• [Exercise requirements]: From the material below, reproduce exactly the stretch of lines that begins with the line holding "Bol décoratif en" and ends with the line holding "Locatie op kaart", skipping the pictures.

[Provided information — start]

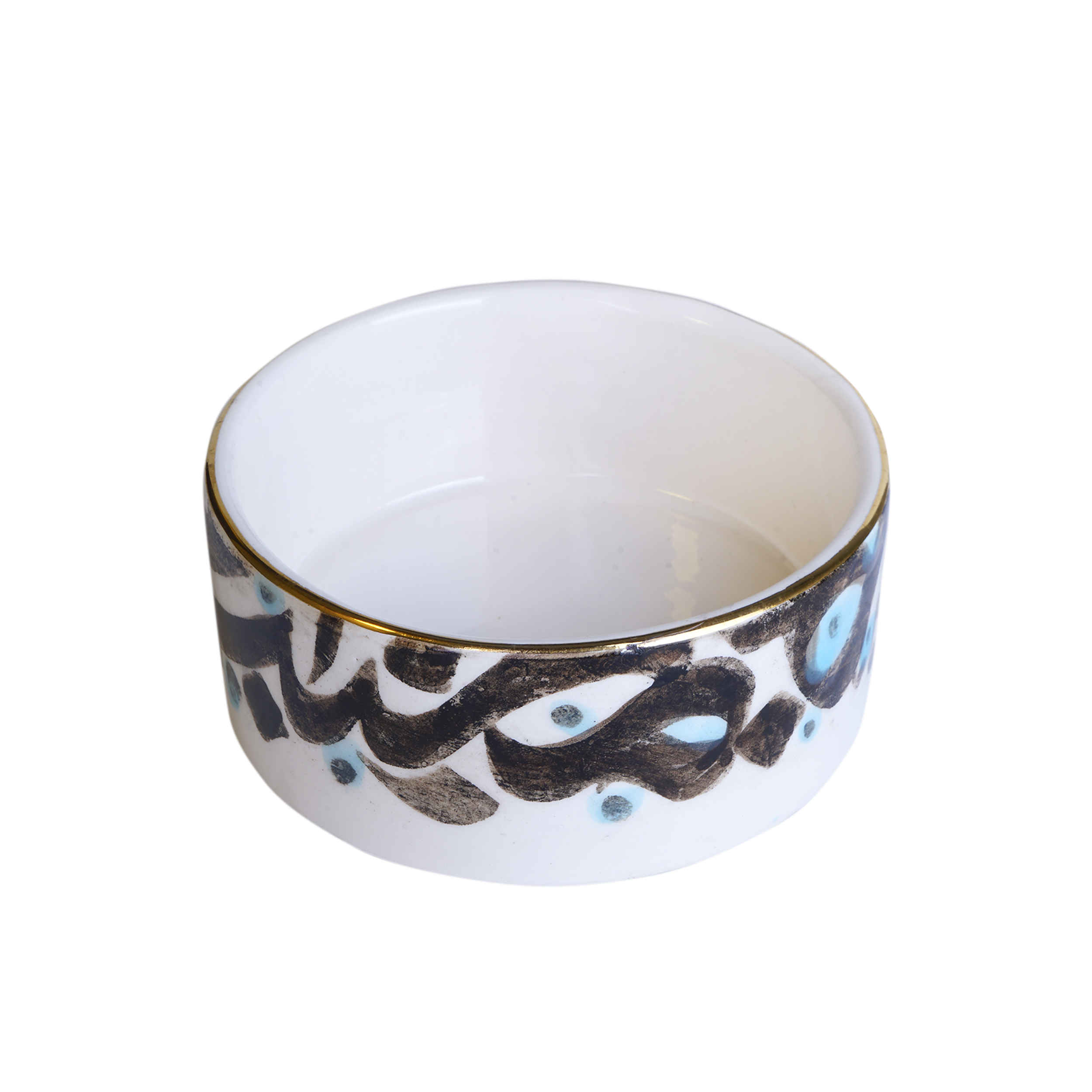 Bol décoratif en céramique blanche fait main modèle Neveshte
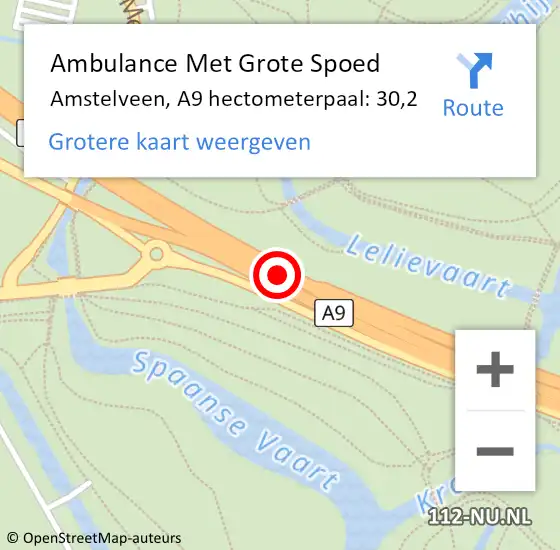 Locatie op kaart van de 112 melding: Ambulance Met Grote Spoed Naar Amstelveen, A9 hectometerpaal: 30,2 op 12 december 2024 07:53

[Provided information — finish]
[Provided information — start]

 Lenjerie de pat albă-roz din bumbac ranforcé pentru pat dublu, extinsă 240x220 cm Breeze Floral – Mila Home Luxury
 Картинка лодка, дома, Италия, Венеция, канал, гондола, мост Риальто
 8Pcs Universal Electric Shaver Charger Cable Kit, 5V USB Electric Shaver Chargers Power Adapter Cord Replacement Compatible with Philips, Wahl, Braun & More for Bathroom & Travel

[Provided information — finish]
[Provided information — start]

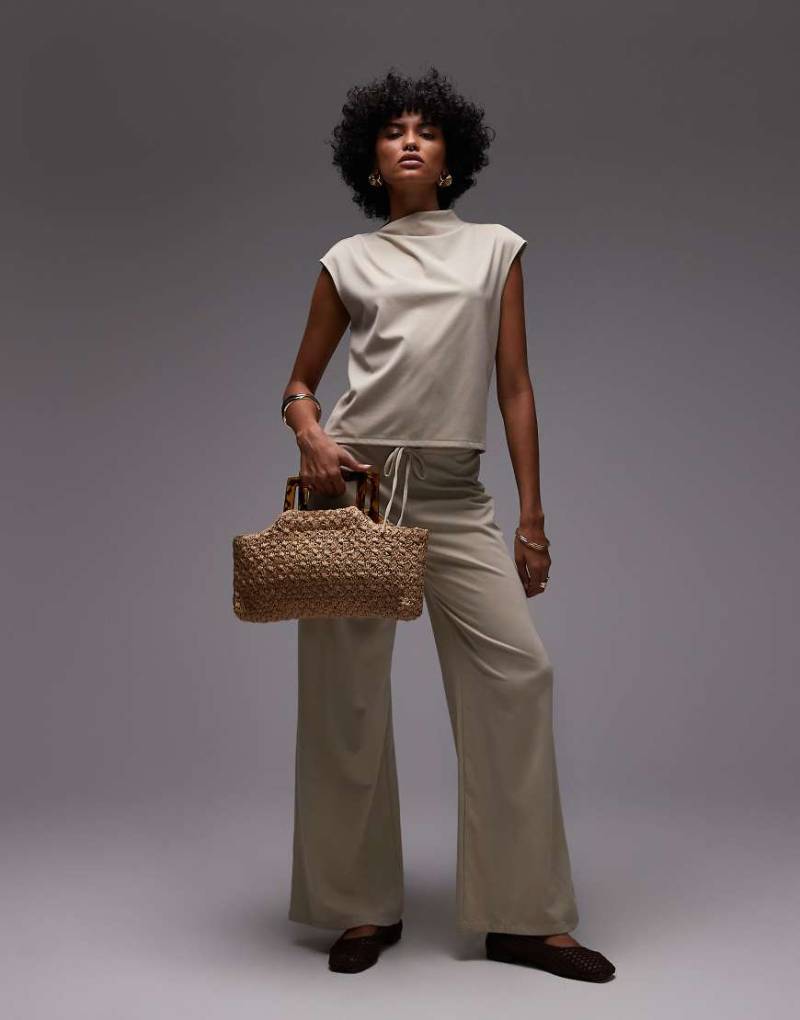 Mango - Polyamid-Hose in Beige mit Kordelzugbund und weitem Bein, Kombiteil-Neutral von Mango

[Provided information — finish]

• [Solution]:
 Bol décoratif en céramique blanche fait main modèle Neveshte
 Locatie op kaart van de 112 melding: Ambulance Met Grote Spoed Naar Amstelveen, A9 hectometerpaal: 30,2 op 12 december 2024 07:53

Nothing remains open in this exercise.